Quando si pensa al gioco spesso lo si associa alle attività dei bambini e all’infanzia. E gli adulti? Vediamo insieme quali funzioni del gioco si conservano nel tempo e perché.
Il gioco svolge una funzione fondamentale per la crescita e lo sviluppo dei bambini. Aiuta ad esplorare il mondo, imparare a conoscerlo e a conoscersi in relazione ad esso, agli altri e alla cultura di appartenenza.
Ciò che accade quando si entra nella dimensione del gioco è che si accetta di abbandonare momentaneamente le convenzioni del vivere quotidiano, per porsi in una condizione di concentrazione in uno spazio intermedio tra “mondo interno” (fatto dai propri pensieri, le fantasie, le illusioni) e il mondo esterno.

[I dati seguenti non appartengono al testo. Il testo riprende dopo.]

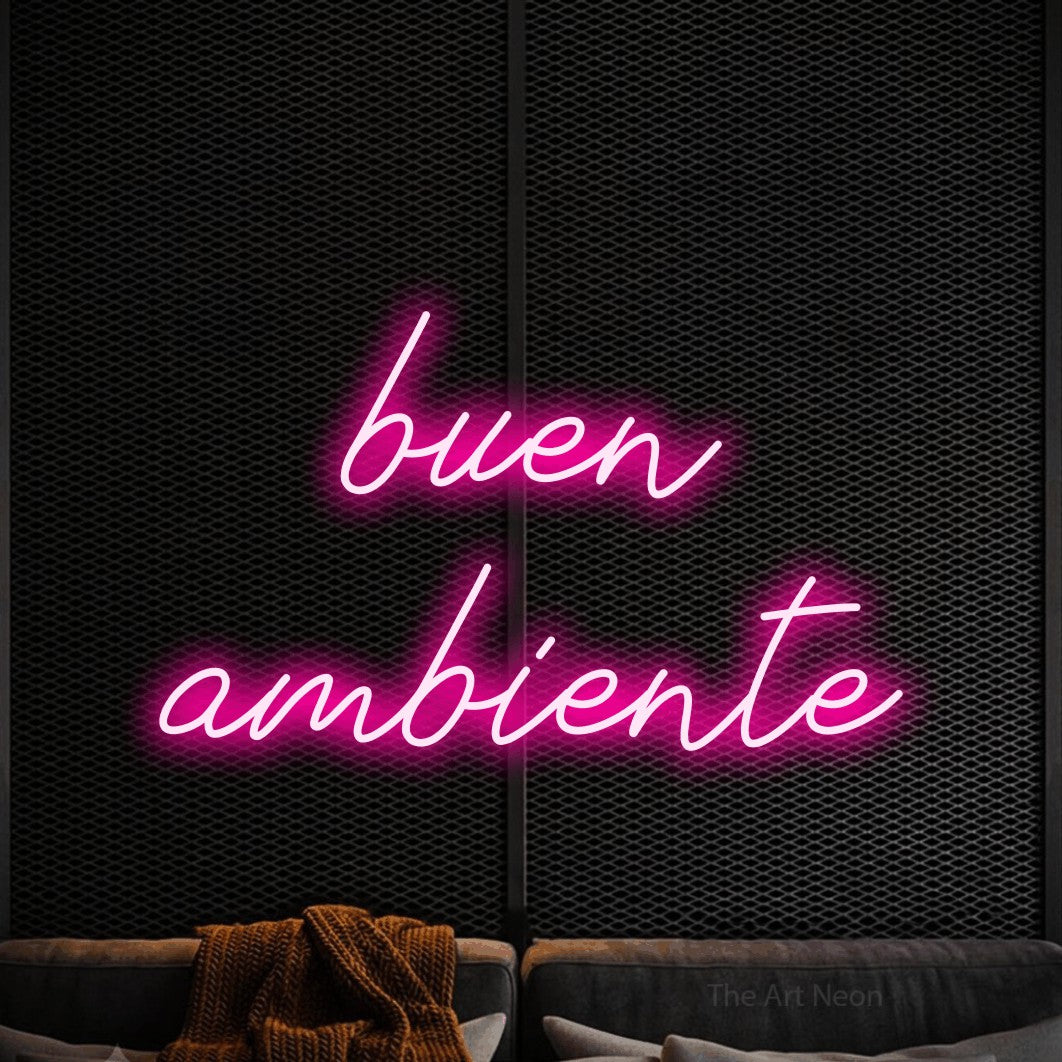 LED neon sign reading “buen ambiente”, arranged in 2 lines.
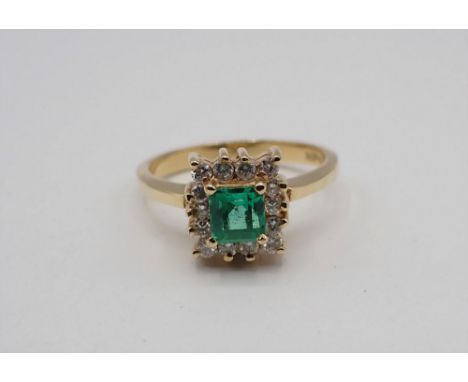 An Emerald and Diamond Cluster Ring corner claw-set step-cut emerald within a frame of fourteen brilliant-cut diamonds, stamp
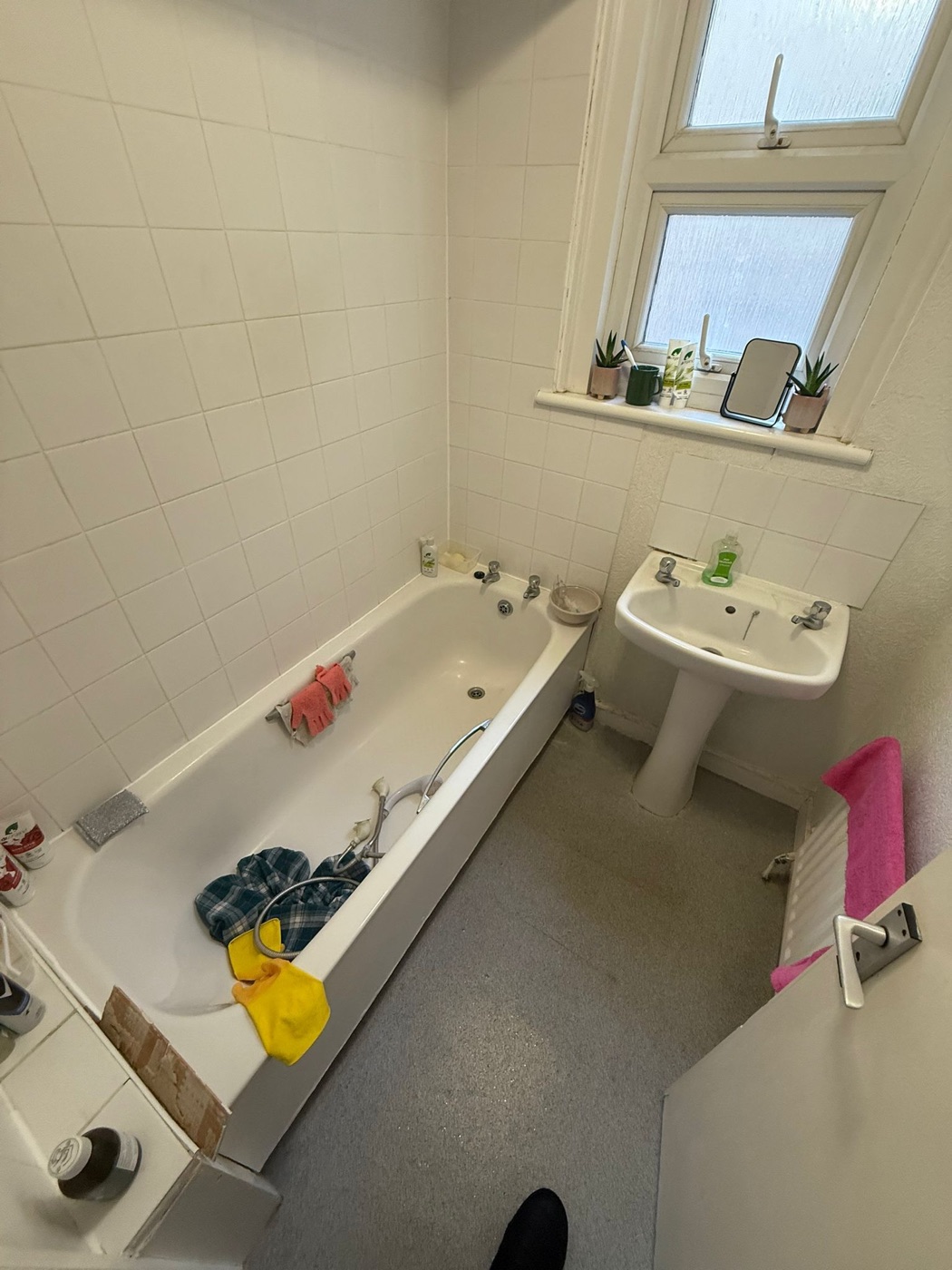 Streatham SW16 bathroom before renovation — dated white tiling and pedestal basin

Si crea una nuova forma, simbolica, di scambio e di rapporto col mondo. Ci si connette momentaneamente, per la durata del tempo del gioco, con un’area detta “potenziale”, in cui si ha libertà di sperimentarsi, di inventare, immaginare, creare, di esplorare cioè aree di funzionamento di sé altrimenti sopite nell’interazione con la realtà.
Talvolta, quando si è immersi nel gioco, si può avere la sensazione di non avere immediatamente chiaro il senso o le ragioni di ciò che si sta facendo, ma che diventi comprensibile poco dopo. Quando la novità si integra in ciò che si conosce allora diventata chiara e familiare. Il gioco molto spesso ci fa sentire bene, perché ci riconnette col mondo e ci fa sentire vivi.
Ciò che accade nel gioco non è molto dissimile da ciò che avviene in psicoterapia. Come scriveva Winnicott: “La psicoterapia ha luogo là dove si sovrappongono due aree di gioco, quella del paziente e quella del terapeuta. La psicoterapia ha a che fare con due persone che giocano insieme. […] Quando il gioco non è possibile, allora il lavoro svolto dal terapeuta ha come fine di portare il paziente da uno stato in cui non è capace di giocare a uno stato in cui ne è capace.”
Ciò che accade nel gioco non è nemmeno così lontano da ciò che ci può capitare nella vita quotidiana. Dipende tutto da come osserviamo e da quanto spazio ci sentiamo disposti a dedicargli.
Bibliografia:
Winnicott D.W. (1971) “Gioco e realtà”, Armando, 2005.
Milner M. (1955) “La follia rimossa delle persone sane”, Borla, 1992.
Bondioli A. (1996) “Gioco e educazione”, Franco Angeli, 2002.